Bertolt Brecht: Svendborg, typescript (1938)

Typescript: Bertolt Brecht, Svendborg
Typescript of Sevendborg by Bertolt Brecht, 1938
Akademie der Künste, Berlin, Bertolt-Brecht-Archiv, Nr. 0356 05, © Bertolt-Brecht-Erben / Suhrkamp Verlag

Bertolt Brecht: Svendborg, typescript (1938)

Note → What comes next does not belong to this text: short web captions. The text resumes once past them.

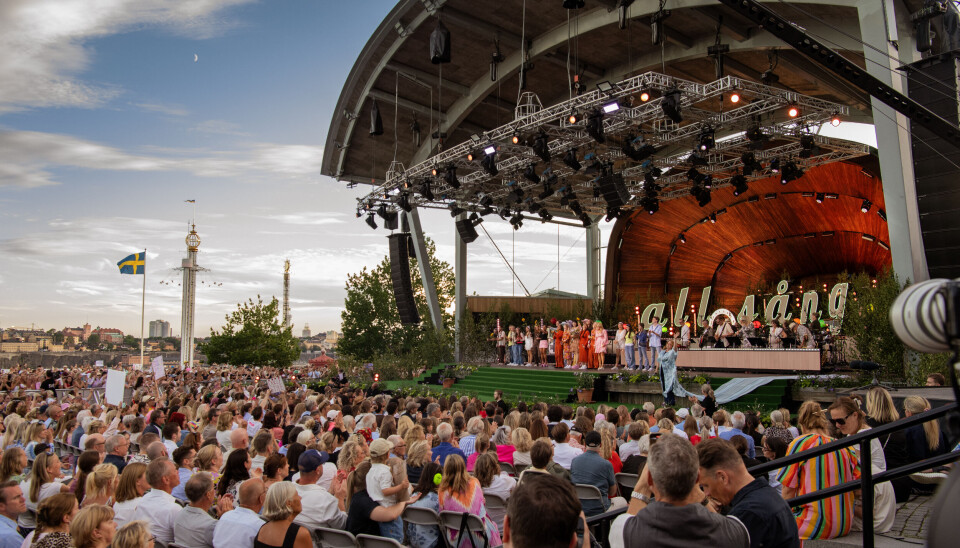 På senare år har SVT-programmet Allsång på Skansen tyvärr distanserat sig från tittarnas verklighet och blivit mer av ett slags lekstuga för huvudstadseliten. SVT har här en stor förbättringspotential, skriver ledarskribenten. (På bilden tisdagskvällens final av årets Allsång på Skansen).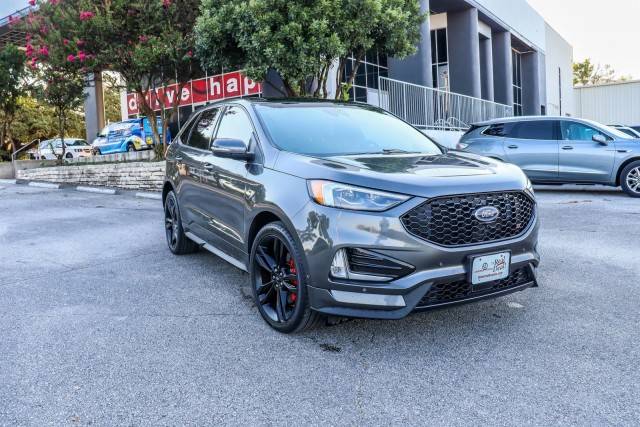 2019 Ford Edge ST AWD photo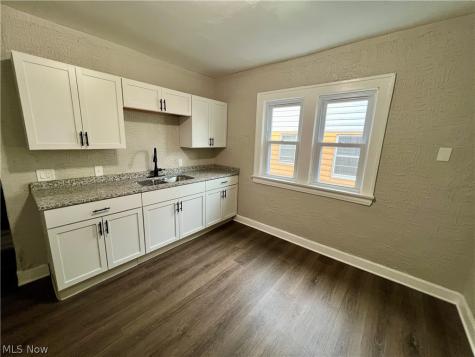 5153 Cato Maple Heights OH 44137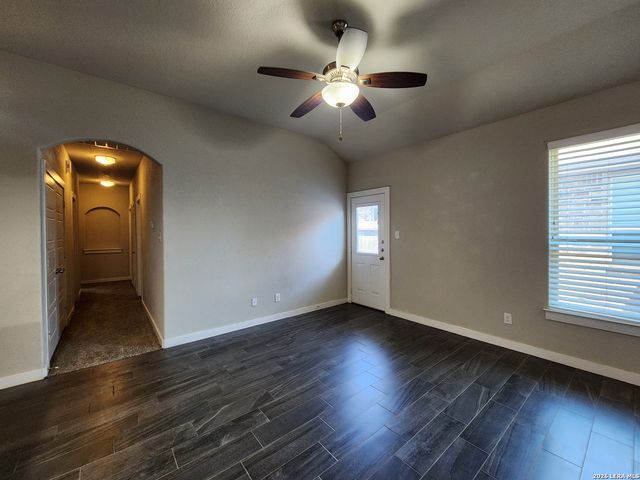 1143 CREEKSIDE ORCH, New Braunfels, TX 78130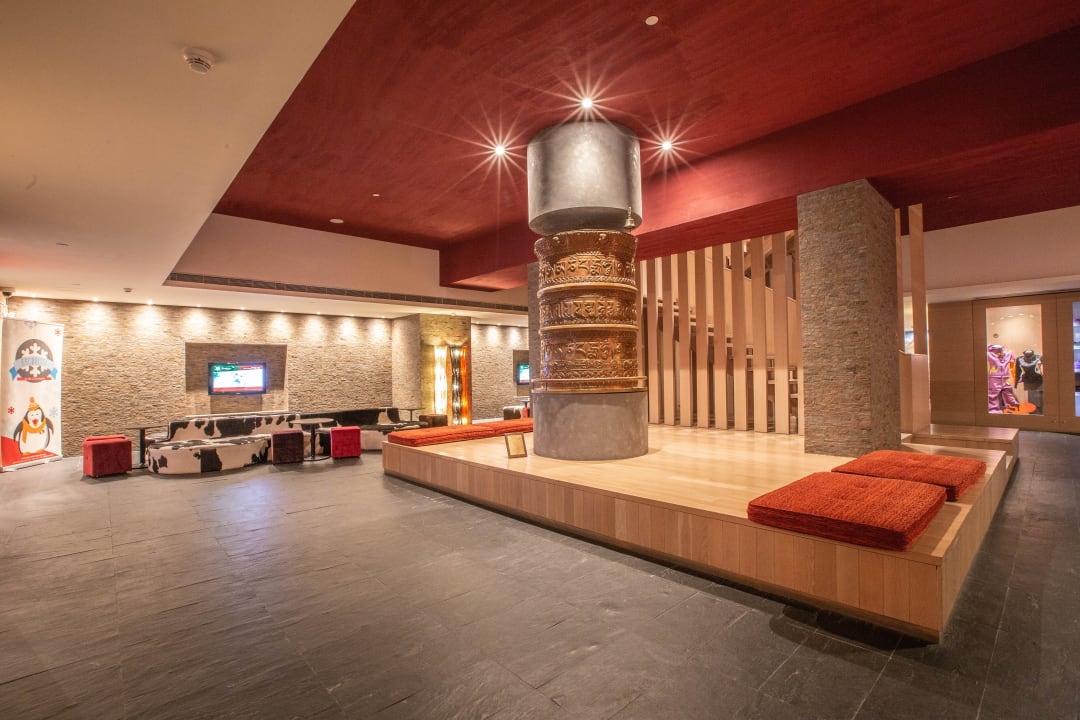 Lobby Hotel Himalaia Baqueira by Pierre & Vacances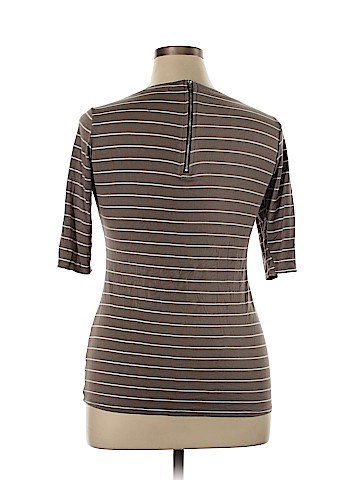 Green Envelope 3/4 Sleeve Top (view 2)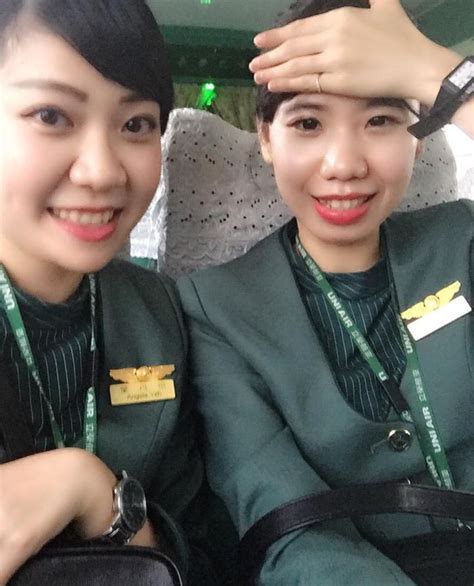 【台湾】ユニー航空 立榮航空 客室乗務員旧制服 Uni Air Cabin Crew Old Uniforms 【taiwan】 ※親会社：エバー航空と同じ制服を採用 Angela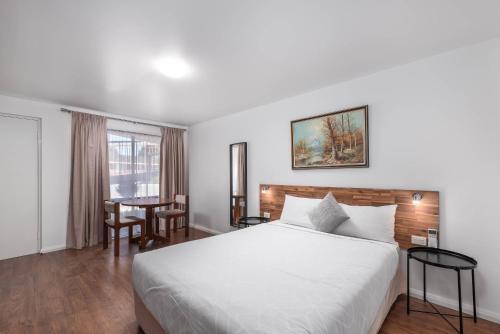 Econo Lodge Lilydale Room Type - Deluxe Queen Room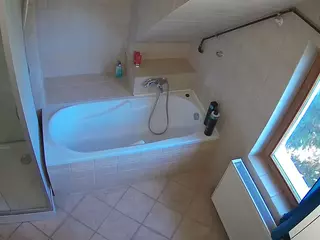 Julmodels Bathroom 2nd Floor-1's Live Sex Cam Show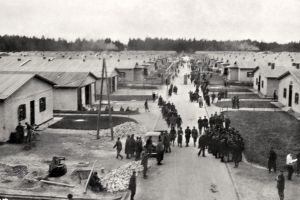 Blick vom Wachturm am Lagereingang in die Lagerhauptstraße - © K.A. Bauer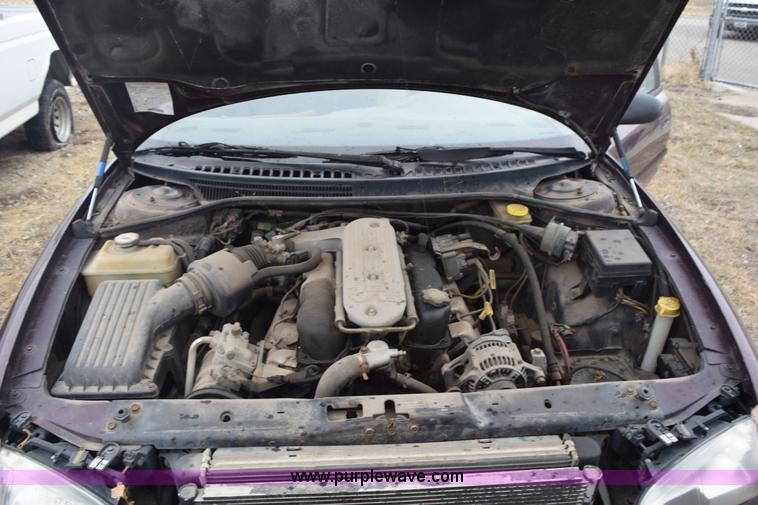 image for item K8924 1995 Dodge Intrepid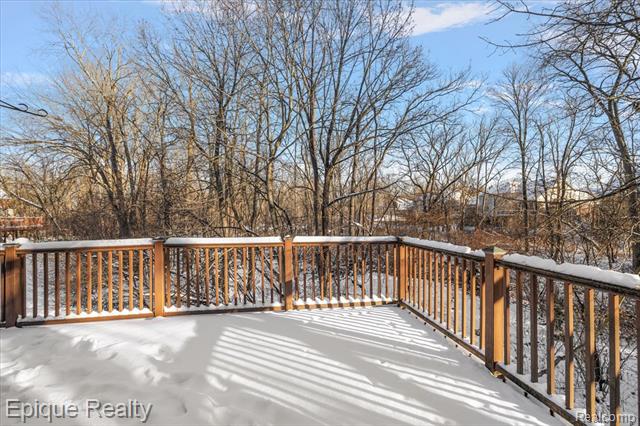 Builiding view forty seven for 254 Marmoor, Rochester, MI. 48309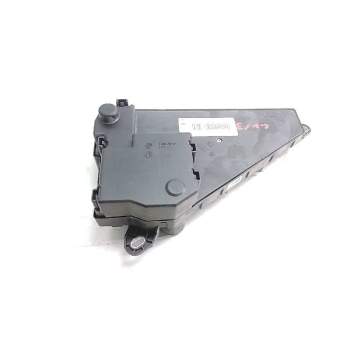 Recambio de caja fusibles para bmw serie 5 berlina (e60) 530d referencia OEM IAM 913883001  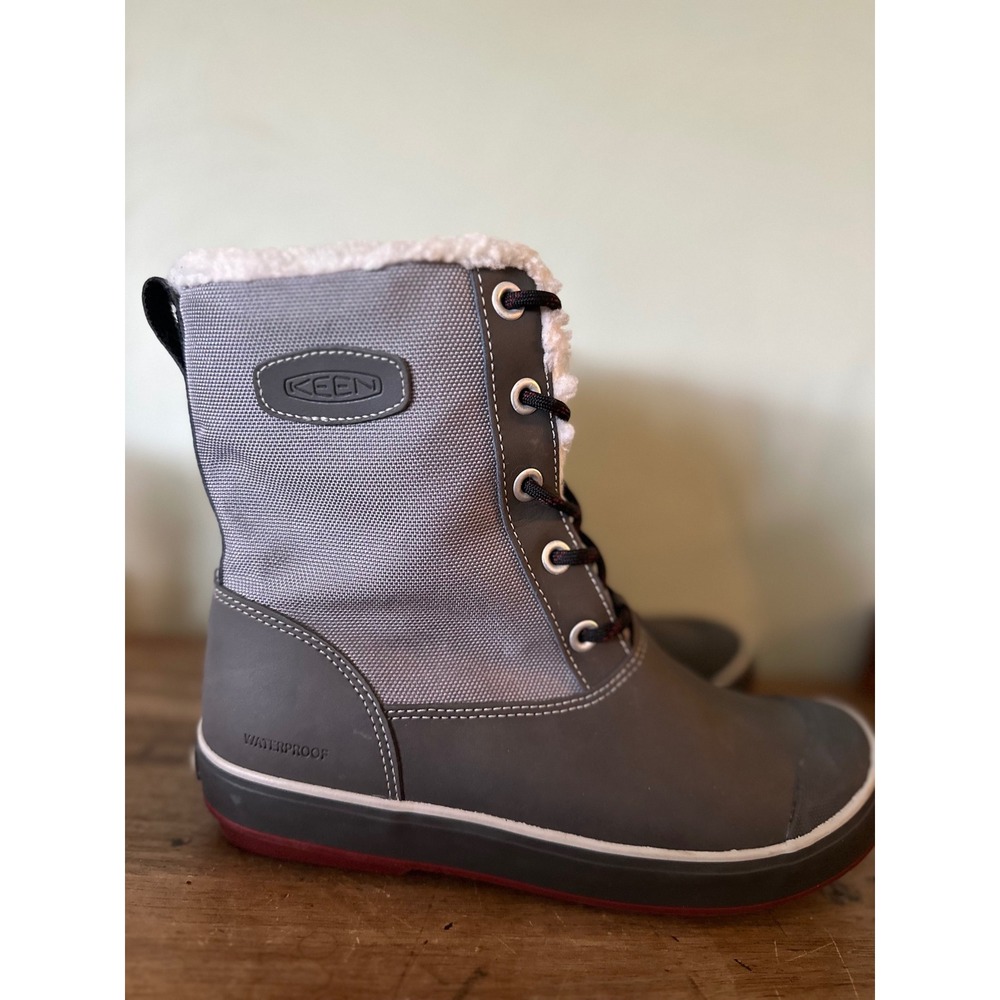 Women Keen Elsa Waterproof Winger boot, size 9 - Picture 2 of 5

Geflüchtet unter das dänische Strohdach, Freunde

Verfolg ich euren Kampf.

[Refuged beneath this Danish thatched roof, friends
I follow your struggle.(ed. trans.)]

Bertolt Brecht, Svendborg, 1938

This poem comes from the collection, The Svenborg Poems, by writer Bertolt Brecht, which was published in Copenhagen in June 1939 under the title Poems in Exile. Besides observations concerning the political situation in Germany following the Nazi seizure of power, there are repeated references to his life on the run in Denmark, to the landscape and the house “under the Danish thatched roof”, in which he lived from 1933 to 1939 and which became a meeting place for many of his friends. It was a hospitable house in which the refugee Brecht sought an exchange with his friends from the time before the Nazis were in power who had also been forced to flee. The Marxist theoretician Karl Korsch, the economist Fritz Sternberg and the musician Hanns Eisler all visited him in Svendborg. Eisler, who later composed the music form many of Brecht’s poems while in exile in the USA, had already written music for several of the Svendborg Poems while in Denmark. The most important guest was the philosopher and writer Walter Benjamin, who stayed for several months at a time. After he committed suicide in the Spanish border town of Port Bou while on the run from the Gestapo, Brecht wrote: “TO WALTER BENJAMIN WHO KILLED HIMSELF / WHILE FLEEING FROM HITLER / Tactics of attrition are what you enjoyed / Sitting at the chess table in the pear tree’s shade / An enemy who could drive you from your books / Will not be worn down by people like us.” (Bertolt Brecht, To Walter Benjamin, who killed himself while fleeing from Hitler, 1941).